Les pratiques culturelles ont pu se développer et se multiplier du fait de l’augmentation du
temps disponible pour les Français. La « récupération » du dimanche matin, temps de la messe, n’en
est qu’un aspect. Avec la réduction du temps de travail des travailleurs (de 40 heures à 35 heures par
semaine ; de 2 à 5 semaines de congés payés) comme des enfants (suppression du samedi après-midi
à l’école dans les années 60 puis du samedi matin), le temps libre est devenu une réalité (sanctionnée
en 1981 par la création d’un ministère qui lui était dédié) ; on estime qu’un Français passe aujourd’hui
8% de sa vie à travailler contre 25 % au début du XXè siècle. Cela se traduit par des départs en
vacances plus nombreux et plus fréquents (même si les dernières années ont montré un recul ou du
moins une évolution du phénomène), par des activités sportives plus développées (notamment avec la
progression de sports individuels comme le jogging, le cyclotourisme ou le tennis dans les années 7080)

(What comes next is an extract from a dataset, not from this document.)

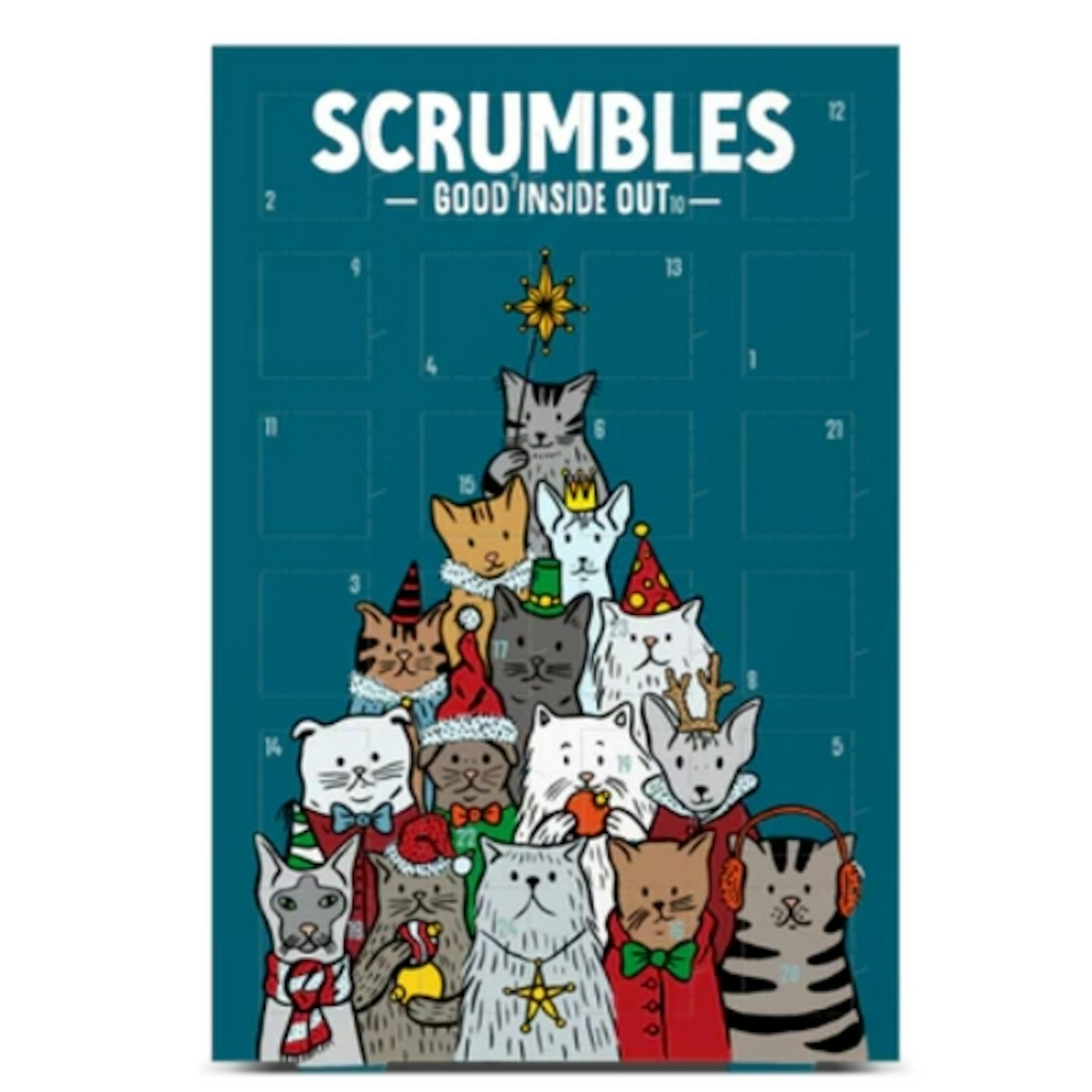 Scrumbles Cat Advent Calendar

Le sociologue Edgar Morin a pointé dans les années 60 l’émergence d’une nouvelle forme de
culture liée à l’âge à laquelle il a donné le nom de « culture jeune ». Conséquence du Baby Boom qui
rajeunit la population et de la naissance d’une société de consommation, cette culture se fonde sur la
différence de la jeunesse en matière vestimentaire, musicale ou technologique. Elle se traduit par
l’apparition de produits culturels spécifiques qui visent à se distinguer des autres groupes d’âge de la
société. D’abord centrée sur la fin de l’adolescence et le jeune âge adulte, on peut constater depuis les
années 2000 une véritable expansion vers l’enfance (possession précoce d’un ordinateur ou d’un
portable, vêtements imitant les vêtements des ados).
Conclusion
La France de 2009 ne ressemble guère à celle de la fin des années 50. En un demi-siècle, les
évolutions au plan économique, social et culturel ont été remarquables par leur intensité. La France est
entrée dans une période où le confort domestique individuel ou l’accès à la culture et à l’information
apparaît comme une évidence à laquelle on refuse de renoncer. Toutefois, parallèlement à ces
évolutions qui font vivre mieux une grande partie des citoyens, les difficultés économiques n’ont cessé
de fragiliser, d’écarter, de marginaliser une partie croissante des Français. Les temps de crise qui
s’ouvrent semblent annoncer un nouvel accroissement de cet écart.